Der Trainertätigkeit hatte sich Jack Gerschwiler, der einst ein guter Kunstturner war, nach erfolgter Sportlehrerausbildung in Berlin zugewandt. Er war ein Tüftler, der in den Dreissigerjahren die Kufen der Schlittschuhe revolutionierte und die Grundlagen für eine Technik legte, die heute noch angewandt wird. "Ohne ihn hätten wir heute vielleicht überhaupt niemanden mehr", sagt Grütter, der es wissen muss. Mit dem Junioren-WM-Zehnten Stéphane Lambiel trainiert er eine der grösseren Schweizer Hoffnungen. Gerschwilers berühmteste Schülerinnen waren Cecilia Colledge und Jeannette Altwegg aus Grossbritannien sowie Karin Iten. Sie alle brachten es zu Weltmeisterehren, Altwegg 1952 sogar zu olympischem Gold.
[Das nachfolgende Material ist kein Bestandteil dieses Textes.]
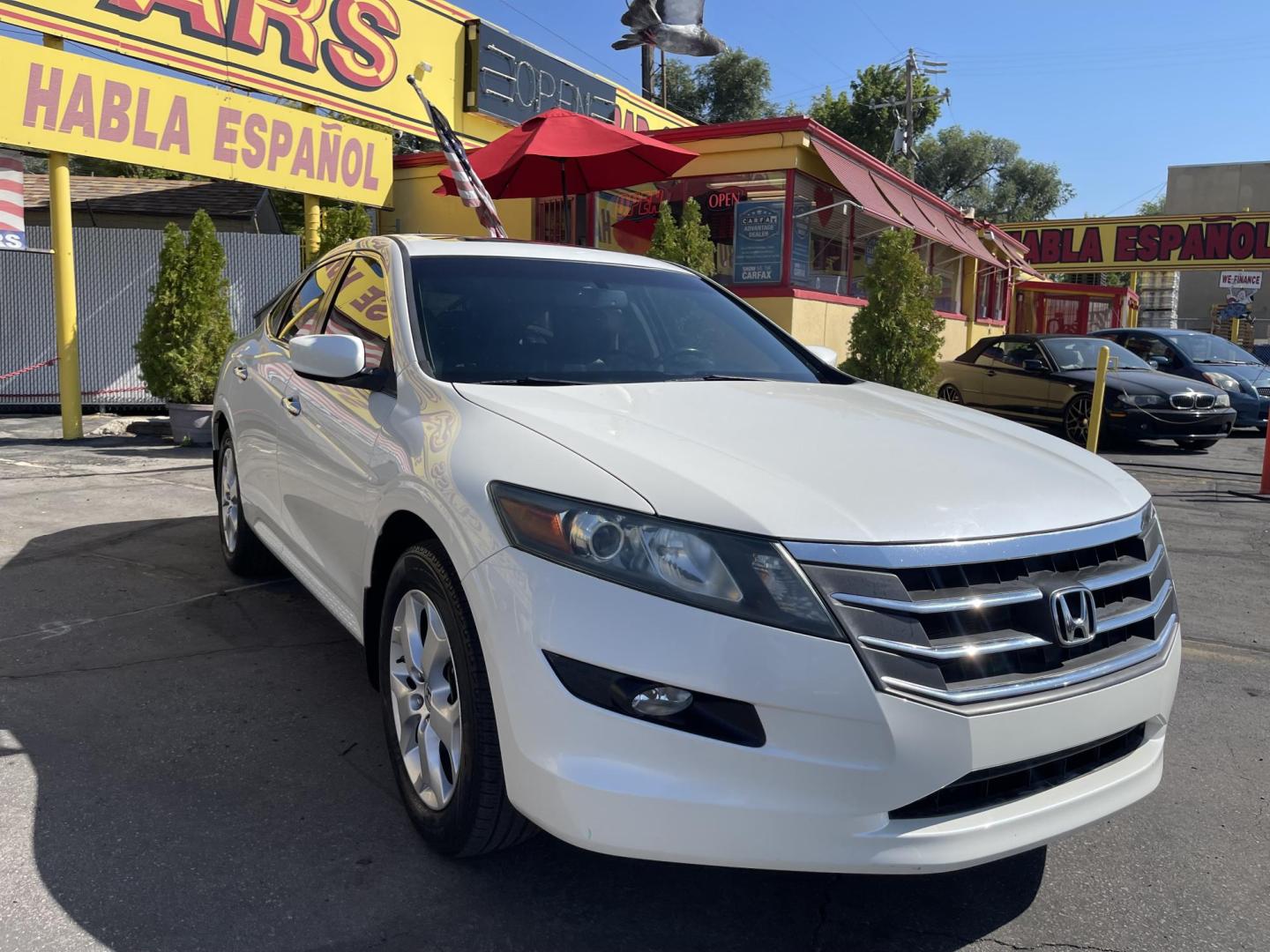 2010 Pure White /Black Honda Accord Crosstour EX-L 2WD 5-Spd AT (5J6TF1H52AL) with an 3.5L V6 SOHC 24V engine, 5-Speed Automatic transmission, located at 801 South State Street, Salt Lake City, UT, 84111, (801) 328-0098, 40.751953, -111.888206 - Super clean 2010 Honda Accord Crosstour! Hard to find car only 1 owner reported on the Carfax history report. Vehicle has been well maintained and clean. It has been regularly serviced with 18 service records reported to Carfax. Tons of space in the back with the hatchback! Great storage space with - Photo#5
Die Winterthurerin Karin Iten gewann zwar "nur" Pflicht-Gold, doch von ihr schwärmte er bis zuletzt: "Sie konnte gleiten wie keine andere vor oder nach ihr." Offizieller Trainer von Denise Biellmann war er zwar nie, doch wer weiss, ob die Zürcherin ohne seinen selbstlosen Einsatz die letzten Klippen vor dem Gewinn der Europa- und Weltmeisterschaft 1981 umfahren hätte. Jack Gerschwiler war nicht der Einzige seiner Familie, der Eislauftrainer wurde: Sein jüngerer Bruder Arnold, der als 86-Jähriger in London lebt, und sein 79-jähriger Neffe Hans, der 1947 Weltmeister wurde und sich danach in Long Island (USA) niederliess, schlugen denselben Weg ein.
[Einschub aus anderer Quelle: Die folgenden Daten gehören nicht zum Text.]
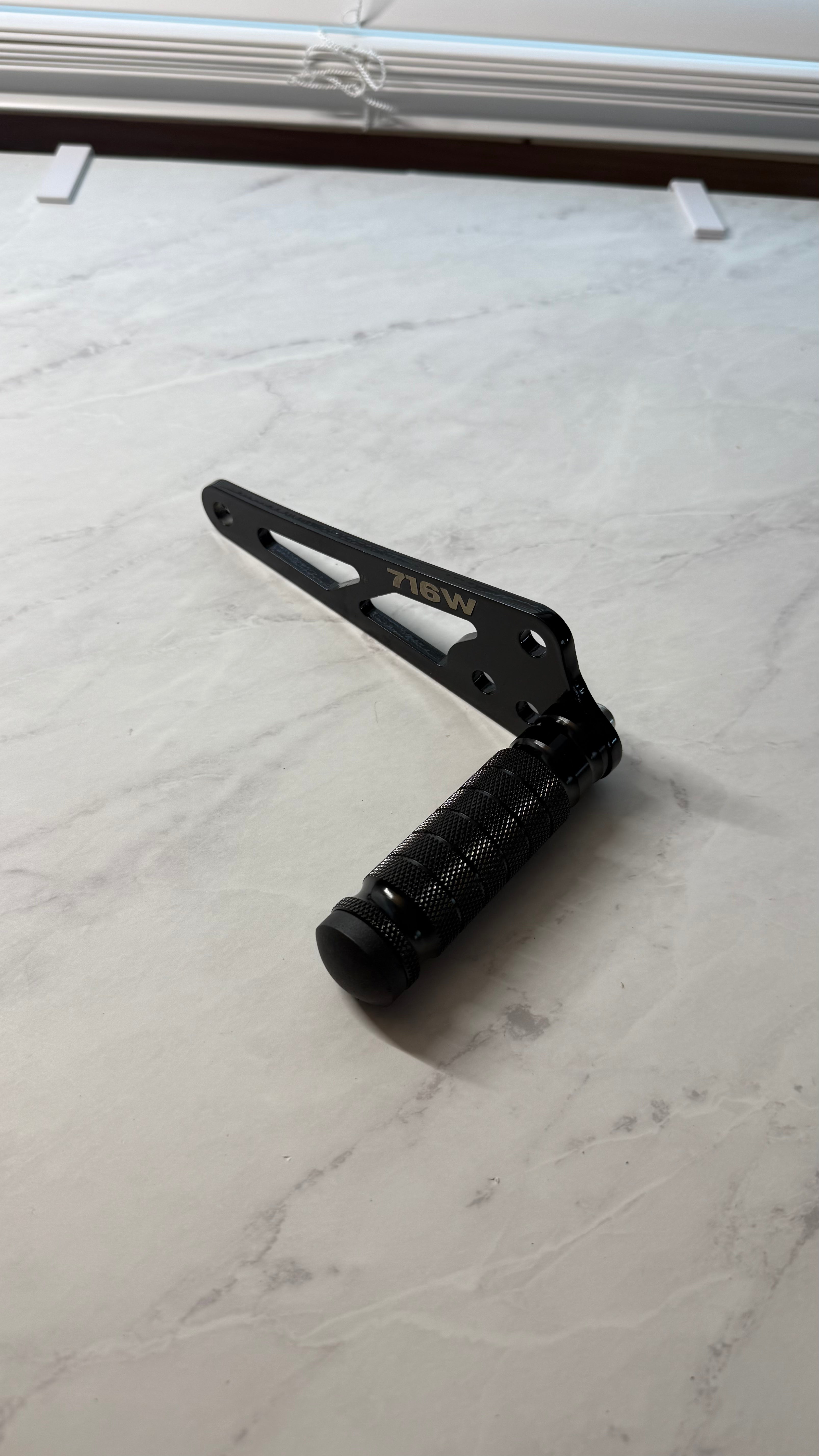 Altis Delta Shift Lock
Dass er auch eine Schwester hat, die noch lebt, erfuhren seine Freunde erst in den letzten Jahren: Jack Gerschwiler hatte sie zuvor nicht sehen wollen. So liebenswürdig er sich geben konnte, so nachtragend konnte er sein. Auch seinen Abschied wollte er nicht publik gemacht haben. "Es soll kein Aufheben um mich gemacht werden." Erst nach seiner Einäscherung durfte er mitgeteilt werden.